The fact is that sustainable policy takes account of children’s rights at every level. Applying the child impact assessment is the best way for politicians to pursue a child-friendly policy in all decision-making: not only in cases that affect directly children and families, but also in decisions that touch them indirectly. For me it is difficult to imagine any policy that does not have an impact on children.
The Europe 2020 strategy also highlighted that for Europe to succeed it needs to act collectively – as a Union. We know the story since then, and how hard it has been to achieve a shared vision and common goals. As a Union, we have simply failed.
From institutional to community-based care
I am very honored to have been part of the Eurochild Management Board over the last seven years. It is easy to be proud of the many achievements where Eurochild has made a smaller or bigger contribution. One area is the increased recognition of investing in preventive work, and the importance of the transition from the institutional care to the community-based care. If the right kind of help is available for children and families at the right time, the need for taking children into care decreases.
Eurochild has also supported the role of civil society in EU-level discussions. A strong civil society means more power for those whose voices are sometimes weak or left behind. We can also celebrate the EC recommendation on ”Investing in Children – Breaking the Cycle of Disadvantage”, which stressed the importance of overcoming the intergenerational transmission of social disadvantage.

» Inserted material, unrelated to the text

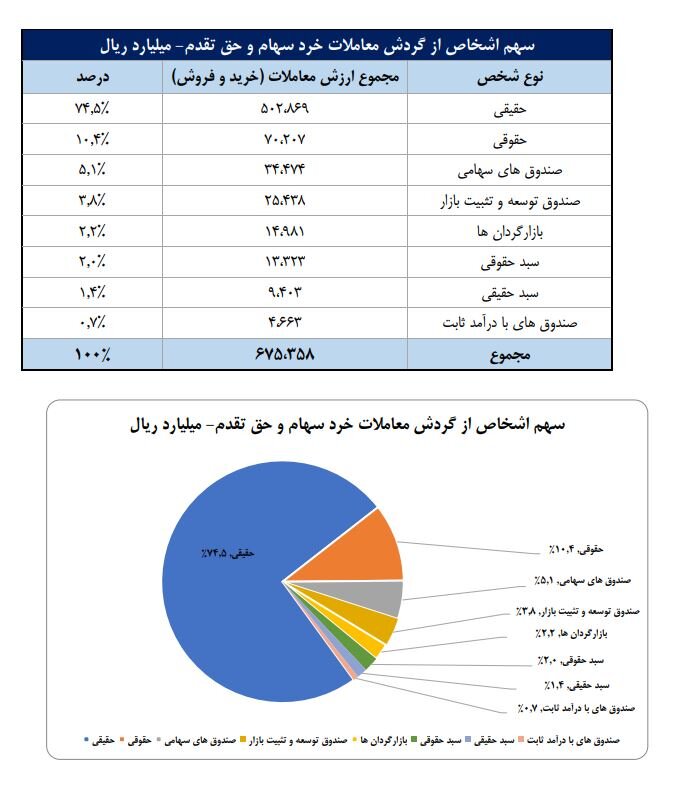 سهم  ۷۵درصدی حقیقی‌ها از مبادلات سهام/ فلزات اساسی، خودرو و محصولات دارویی ۳ صنعت پرگردش هفته گذشته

During EU election year in 2015 Eurochild promoted the Child Rights Manifesto which succeeded in securing child-friendly MEPs in the European Parliament, and later the establishment of a Child Rights Intergroup. In particular Eurochild has tried to strengthen the link between advocacy at EU and national level, to amplify our influence.
New challenges ahead
Seven years later we face new challenges. Millions of children in Europe are affected by migration. The need for solid evidence to develop better policies on child migration has never been greater. Countries need to work together to find the right solutions.
For me, Eurochild’s greatest accomplishment has been the work it has done to engage children and young people directly in its work. Eurochild’s Child Participation Strategy shows how participation can become a part of our policy, advocacy and organizational development. The ‘Europe Kids Want´ online poll provides essential insight into children’s hopes and concerns. According to children, climate change is a key concern for the future.
As Eurochild we need to take these children’s concerns into account and see how we can set an example, adapting our own practices to be more climate-friendly.